Como adaptógeno de origen vegetal, se cree que la ashwagandha ayuda al organismo a hacer frente al estrés físico y mental. Los estudios clínicos aportan pruebas iniciales de posibles beneficios en varias áreas, aunque para muchos de ellos aún está pendiente una evaluación científica definitiva. Los organismos reguladores europeos, entre ellos el BfR (Alemania), la EFSA y las autoridades nacionales de seguridad alimentaria, están revisando activamente la seguridad y el estatus regulatorio de los suplementos de ashwagandha.
El Instituto Federal de Evaluación de Riesgos (BfR) recomienda, basándose en su evaluación de riesgos actualizada de septiembre de 2024 (Comunicado 39/2024), utilizar los preparados de ashwagandha con precaución.

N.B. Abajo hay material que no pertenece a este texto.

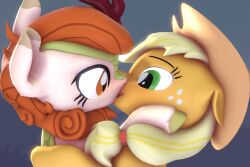 applejack (mlp) from friendship is magic by fishimira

En particular, los siguientes grupos no deben tomar ashwagandha sin consultar previamente con un médico:
- Mujeres embarazadas y en periodo de lactancia
- Niños y adolescentes
- Personas con enfermedades hepáticas actuales o previas
- Personas que toman medicamentos para la tiroides, inmunosupresores, sedantes o para la diabetes
Este artículo tiene carácter informativo general y no sustituye el asesoramiento médico. Si tiene alguna duda, consulte a un médico o farmacéutico.